Thank the Lord for the forgiveness He offers, and for the ability to move forward. I am very thankful for that.

It's so hurtful when others treat me this way, and I have reflected upon all the guilt of my past when they do, which makes it easier to quickly forgive them when I am hurt.

People are always going to hurt other people, but as displayed in the verse above, all people deserve our respect. No matter what background they come from, no matter their nationality, no matter our human view off them or what we feel they have done to us. It truly goes back to Jesus's words..."love your enemy as yourself." Not to say that all other folks other than those we love are our enemies, but they are quite possibly our rivals, and we ignore them, gossip about them and turn our noses up at them whatever chance we get, for somehow we have decided we are better then they are. I have to believe Jesus saw that in the human hearts of all folks back in the time of His walking the earth, and this is why He challenged us to constantly turn the other cheek. I don't think He literally thought that people were going to walk around smacking us in the face all the time, and if that were the case, I'd wear a hockey helmet to the grocery store. Because if that were the code of conduct instead of rolling of eyes, or obvious annoyance written on a face, I'd be bruised all the time! (when shopping my children are perfect angels)

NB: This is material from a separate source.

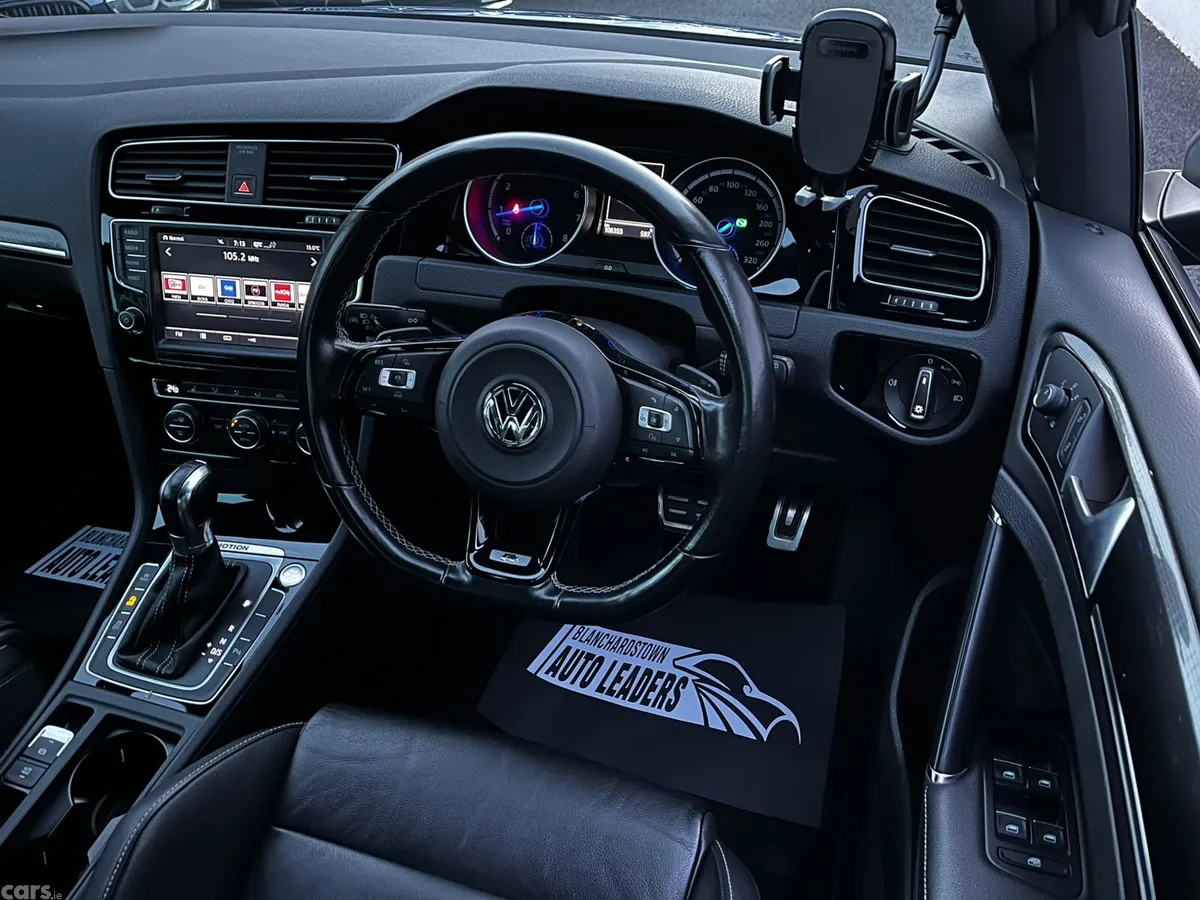 Volkswagen Golf Hatchback, Petrol, 2015, Blue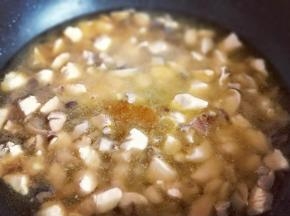 大火烧开，使咖喱融化，将鸡胸肉和香菇烧熟即可，约8分钟的样子。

What I am getting at is this: The motives of my heart are key in how I treat people because number one: I do not want to be pious in my kindness (for I do have the potential to sin even in my kindness) I do not want to "show up" someone else because it's another form of pride.

The human heart is capable of sin disguised as good, and it's that that I am trying to get to the bottom of it. To literally cut the bone from the marrow, separate the two, and then act accordingly once I find my results. I know I will never be perfect, and to claim otherwise is heresy. But what I do know is that with every move I make I have the opportunity to honor my creator, not because I'm great, but because He's worth it. Because this should be the only way of life that feels good to me if I am living who I claim to be, in Christ.

Not good for the sake of good, good for the sake of Christ. Not kindness simply for the sake of "being a nice person" but kindness for the sake of Christ. ( Although being kind and good are what I desire as well) I want to be more then decent to other humans, I want to shower HIS love on other humans. So, I'm a work in progress, able to recognize the sin of my past, so I am also able to recognize when that sin wants to creep back in. All the while, being humble for Christ, rather than pious because I think I'm great. I know it's a big bight I'm ripping off here, but a gals got to start somewhere...and this is what I'm going to be chewing on for while. It's not always going to taste good, because some jerk in the grocery store is going to really bug me sometime and I'm gonna want to let them have it: but I won't. Not because I've got really strong will-power, (because I'm weak in that) but for the sake of Christ, and in the strength of Christ, I can love a soul who appears difficult to love.

And trust me friends, if I can do this, anyone can! Just try singing "Amazing Grace" the whole time your shopping. It's going to be physically impossible to give another person a dirty look when singing this song. This is intensely important around holiday shopping, and holiday gathering with family. For sometimes it's strangers that are most difficult to love, and sometimes, it's family. So do your best, to let Christ rule in your heart all the time. See what He does with it, I'm sure you'll like the results.
"The Bible never looks at people as being worthless. The Bible's view is that humans are God's creation made in God's image, and, though they have fallen, they are not worthless. If you regard people as created in God's image, you can see an individual as worthy of respect and honor because of what God has made him or her to be--a man or woman for whom Christ died. This is how Christian slaves were to regard their masters in the first century. If they were unbelieving masters, slaves were still to look upon them as worthy of full respect in order that the name of the God who created them and stamped His image upon them might not be defamed or His teachings scorned by the world."-Ray Stedman

Thursday, November 11, 2010

The Joy thats missing...


I'm sure you've all heard the song that sings, "and the joy of the Lord is my strength, we bow down, and worship you know, how great, how awesome is He? Forever we sing, Holy is the Lord God Almighty, the earth is filled with His glory..."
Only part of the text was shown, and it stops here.